Primary Expertise
Coordinate and perform large-scale physical and virtual monitoring experiments of buried and aboveground explosions
- Exploit new technologies to develop next-generation capabilities that include Distributed Acoustic Sensing (DAS), machine learning and artificial intelligence plus virtual containers.
- Measure and quantify impacts of climate change on stratospheric sound propagation, hydroacoustic propagation in the Arctic, and generation of methane-sourced gas emission craters in the Russian Arctic.
- Expertise and sensing capability to fuse multi-domain, geophysical observations of explosion sources and their background emissions.
- Provide cutting edge, quantitative uncertainty analysis of explosion source parameters via a toolbox of empirical and mathematical techniques.
Featured Research
- Produce accurate, empirical estimates of explosion yields from scattered seismic waveform coda.
- Quantify and greatly reduce the uncertainties in moment tensors (MTUQ), using seismic observations collected at regional distances from underground nuclear test sites.
- Predict 3-D ray-paths from both stationary and moving infrasound sources over the whole atmospheric column (infraGA).
- Leverage Bayesian methods to produce joint, seismo-acoustic locations from near surface explosion sources.
- Use graph-theory methods to quantify false association and event building errors in seismic networks.
- Combine multiple Rayleigh wave polarization measurement techniques to characterize explosion sources in very complex tectonic environments.
- Empower big data techniques to predict high-fidelity maps of seismic attenuation over the entire globe.

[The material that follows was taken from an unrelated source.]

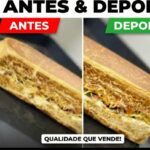 Eu vou deixar a foto do seu prato e cardápio profissional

- Demonstrate probabilistic methods to predictively screen small earthquakes from explosions at local distances with seismic phase ratios.
- Develop novel data stream fusion methods to integrate evidence of explosions from multiple waveform and optical modalities, for both signal detection and source identification.
- Advance generalized hypothesis testing techniques to adaptively detect and characterize noisy threat sources in challenging signal environments.
- Characterize climate-induced variability in both infrasonic and hydroacoustic signal environments to quantify propagation uncertainties.
- Development of adaptive, eigen-processing techniques to detect signals and quantify performance of IMS arrays in near-real time.